What you need to do: Report each line of the entries that contains the word "Picture", copied in full.

Data to process:
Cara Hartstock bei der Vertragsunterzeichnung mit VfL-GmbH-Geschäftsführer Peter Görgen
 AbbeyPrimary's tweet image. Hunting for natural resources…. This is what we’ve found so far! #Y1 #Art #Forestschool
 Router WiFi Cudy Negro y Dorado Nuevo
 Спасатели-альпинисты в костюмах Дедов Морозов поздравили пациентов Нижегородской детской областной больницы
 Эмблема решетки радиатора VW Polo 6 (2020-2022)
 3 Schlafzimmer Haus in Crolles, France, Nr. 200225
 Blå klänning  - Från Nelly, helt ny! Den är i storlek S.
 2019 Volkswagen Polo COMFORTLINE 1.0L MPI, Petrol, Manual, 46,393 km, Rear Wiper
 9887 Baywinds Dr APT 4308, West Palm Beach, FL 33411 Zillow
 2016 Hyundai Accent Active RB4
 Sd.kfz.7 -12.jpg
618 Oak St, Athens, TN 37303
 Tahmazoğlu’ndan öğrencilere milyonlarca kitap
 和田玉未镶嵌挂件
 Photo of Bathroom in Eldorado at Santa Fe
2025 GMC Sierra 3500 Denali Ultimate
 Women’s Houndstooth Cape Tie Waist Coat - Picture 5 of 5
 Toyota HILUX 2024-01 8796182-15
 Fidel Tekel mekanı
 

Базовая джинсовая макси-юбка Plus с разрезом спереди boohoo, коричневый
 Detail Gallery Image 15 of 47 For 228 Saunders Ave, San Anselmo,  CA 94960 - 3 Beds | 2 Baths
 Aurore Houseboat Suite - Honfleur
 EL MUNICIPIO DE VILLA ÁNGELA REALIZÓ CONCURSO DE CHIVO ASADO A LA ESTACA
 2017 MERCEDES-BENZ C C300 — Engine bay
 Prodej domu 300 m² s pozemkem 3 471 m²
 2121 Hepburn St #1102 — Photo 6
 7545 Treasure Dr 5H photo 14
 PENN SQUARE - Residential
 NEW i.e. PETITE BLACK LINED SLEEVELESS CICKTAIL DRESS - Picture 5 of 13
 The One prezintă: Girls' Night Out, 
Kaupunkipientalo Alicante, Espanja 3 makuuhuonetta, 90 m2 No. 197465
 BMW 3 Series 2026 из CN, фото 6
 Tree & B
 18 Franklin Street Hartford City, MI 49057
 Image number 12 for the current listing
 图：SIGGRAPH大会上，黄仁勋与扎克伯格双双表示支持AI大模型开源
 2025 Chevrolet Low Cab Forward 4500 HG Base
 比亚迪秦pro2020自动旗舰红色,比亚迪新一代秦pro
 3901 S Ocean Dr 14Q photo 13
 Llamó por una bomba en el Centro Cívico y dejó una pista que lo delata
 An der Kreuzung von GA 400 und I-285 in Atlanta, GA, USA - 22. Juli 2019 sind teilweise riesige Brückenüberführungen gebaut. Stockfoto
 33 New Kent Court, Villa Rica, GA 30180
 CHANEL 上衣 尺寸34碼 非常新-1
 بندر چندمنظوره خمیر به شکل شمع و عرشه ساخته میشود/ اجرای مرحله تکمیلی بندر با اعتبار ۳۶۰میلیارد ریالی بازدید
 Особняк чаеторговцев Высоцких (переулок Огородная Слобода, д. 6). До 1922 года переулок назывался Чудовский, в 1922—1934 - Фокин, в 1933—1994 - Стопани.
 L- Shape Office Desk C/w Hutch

Output of the task:
 Women’s Houndstooth Cape Tie Waist Coat - Picture 5 of 5
 NEW i.e. PETITE BLACK LINED SLEEVELESS CICKTAIL DRESS - Picture 5 of 13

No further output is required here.